[Data provided]
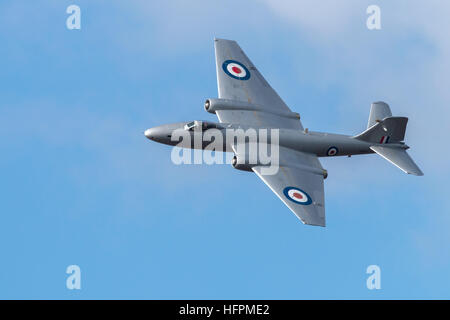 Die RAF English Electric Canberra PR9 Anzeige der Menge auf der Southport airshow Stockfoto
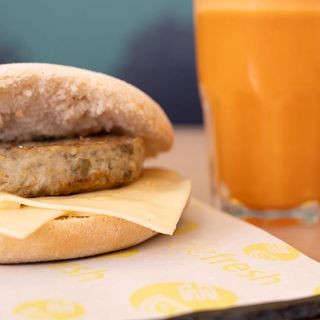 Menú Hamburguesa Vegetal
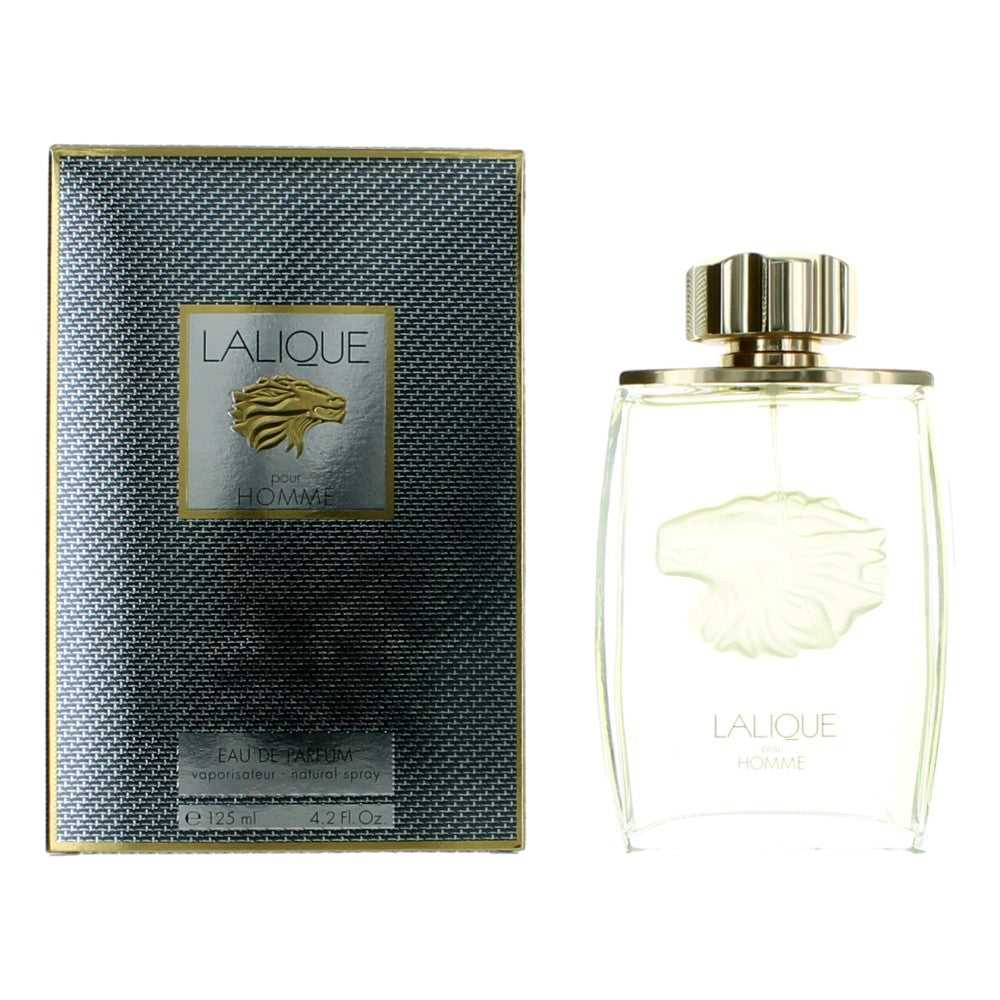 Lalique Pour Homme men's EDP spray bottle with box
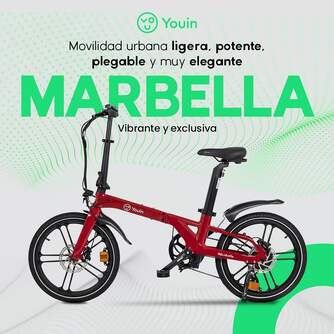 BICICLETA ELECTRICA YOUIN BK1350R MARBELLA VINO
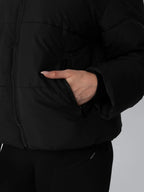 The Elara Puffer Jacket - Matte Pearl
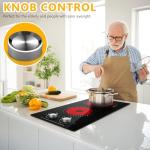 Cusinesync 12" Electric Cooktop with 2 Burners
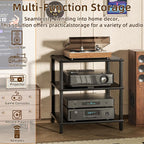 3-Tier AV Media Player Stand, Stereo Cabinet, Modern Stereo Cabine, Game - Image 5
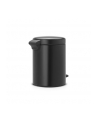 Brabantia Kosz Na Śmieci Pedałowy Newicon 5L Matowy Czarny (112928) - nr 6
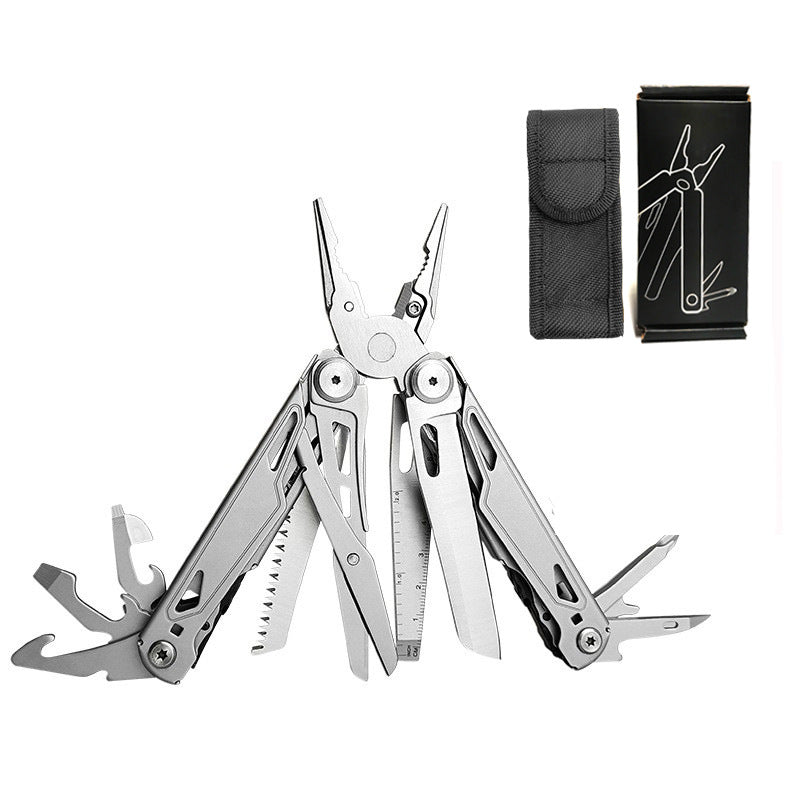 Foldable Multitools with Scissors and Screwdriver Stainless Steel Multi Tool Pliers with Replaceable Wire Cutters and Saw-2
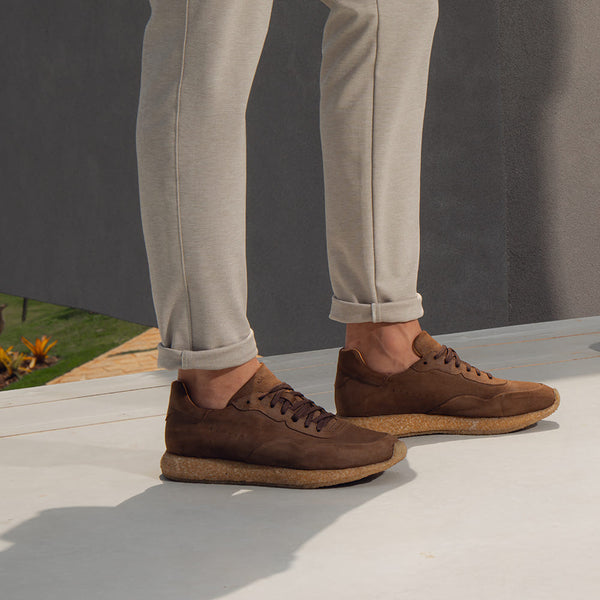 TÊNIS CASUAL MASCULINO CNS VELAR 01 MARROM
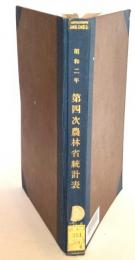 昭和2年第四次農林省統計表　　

...

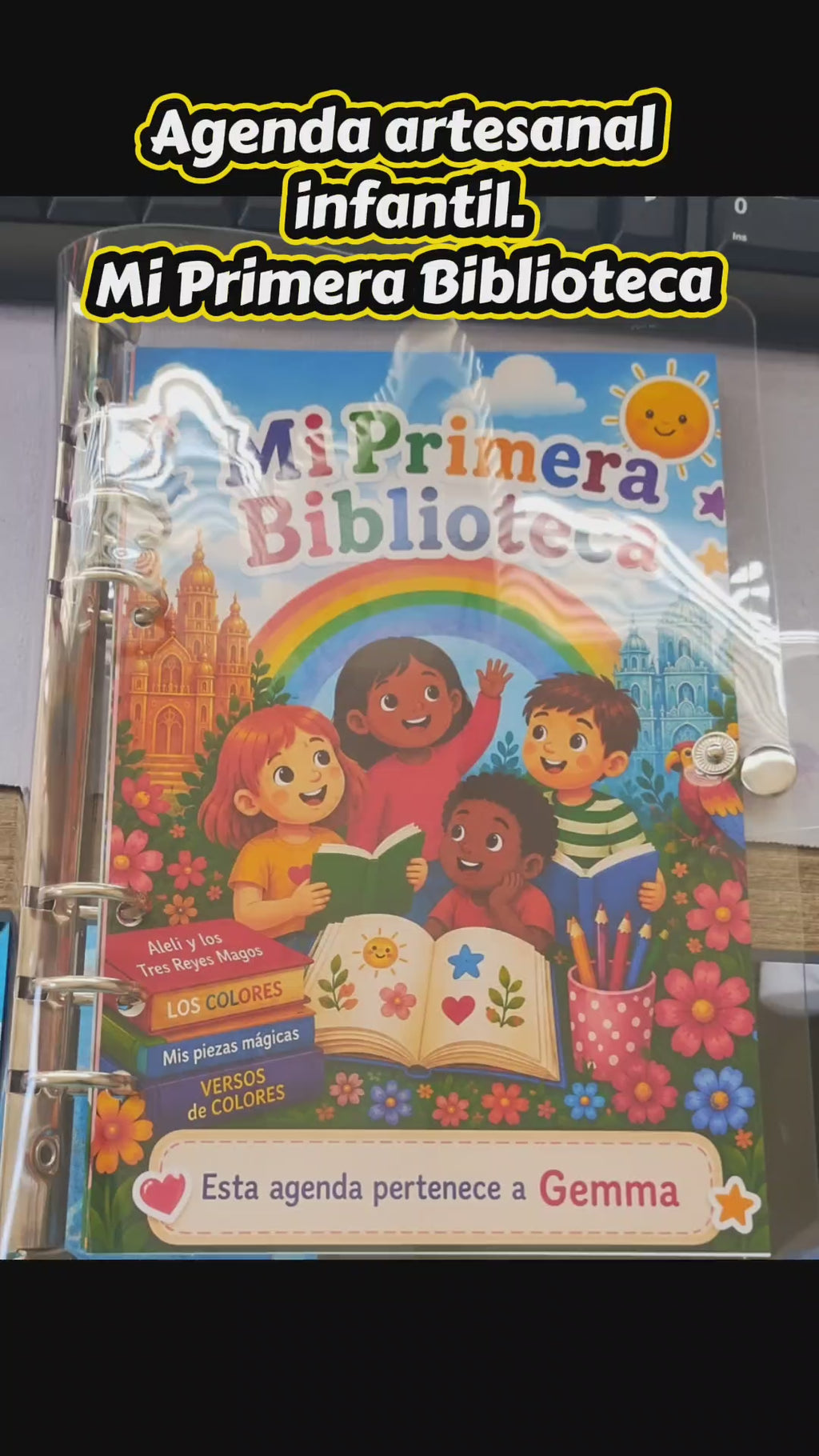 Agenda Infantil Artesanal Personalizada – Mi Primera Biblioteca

---

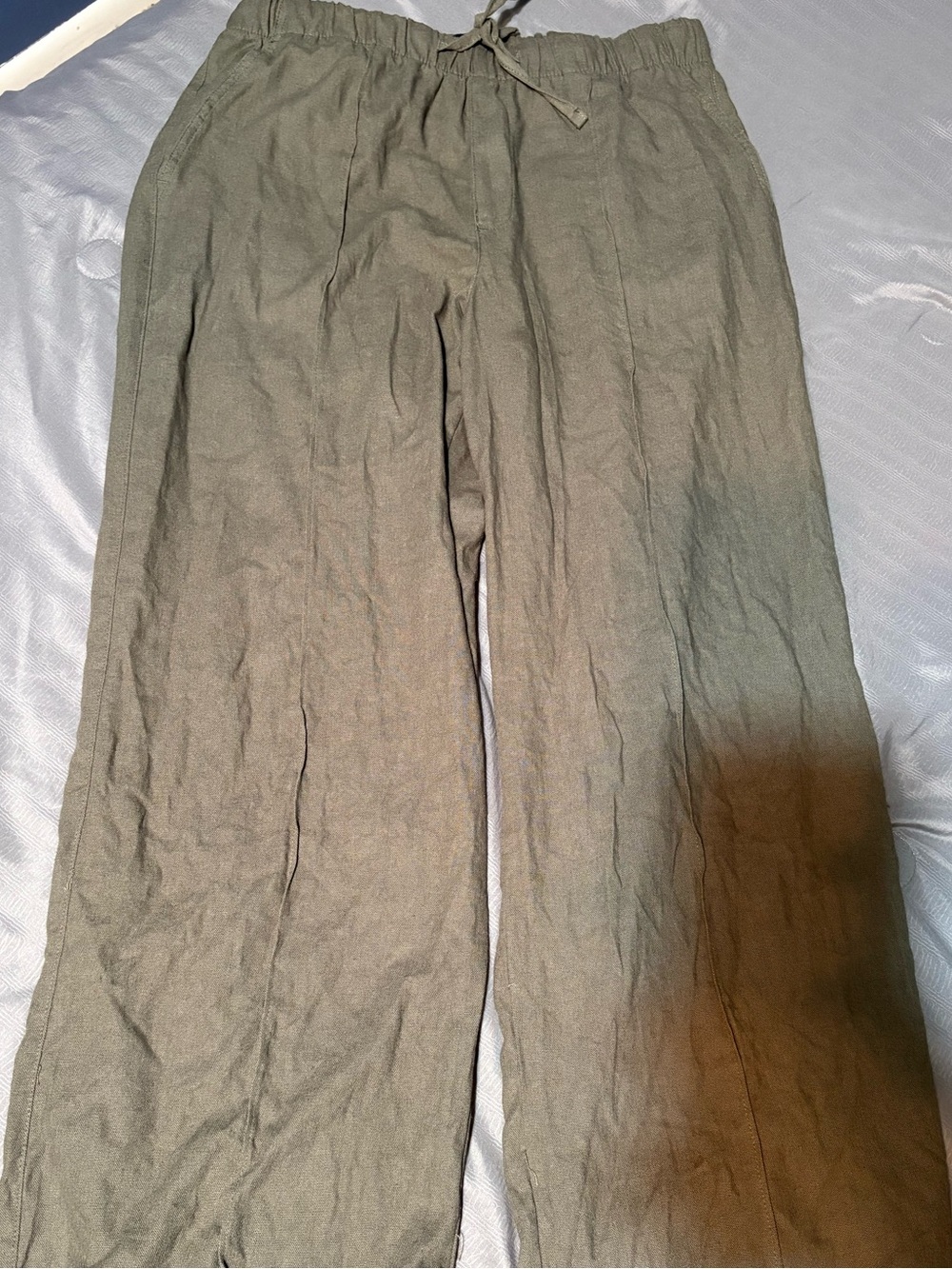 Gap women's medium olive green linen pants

[Assignment]
Starting from the line with "with 2 Burners" in the records above, repeat each line exactly until you have written the line with "昭和2年第四次農林省統計表", then stop; drop the pictures.

[Reply]
 Cusinesync 12" Electric Cooktop with 2 Burners
 3-Tier AV Media Player Stand, Stereo Cabinet, Modern Stereo Cabine, Game - Image 5
 Brabantia Kosz Na Śmieci Pedałowy Newicon 5L Matowy Czarny (112928) - nr 6
 Foldable Multitools with Scissors and Screwdriver Stainless Steel Multi Tool Pliers with Replaceable Wire Cutters and Saw-2
 TÊNIS CASUAL MASCULINO CNS VELAR 01 MARROM
 昭和2年第四次農林省統計表　　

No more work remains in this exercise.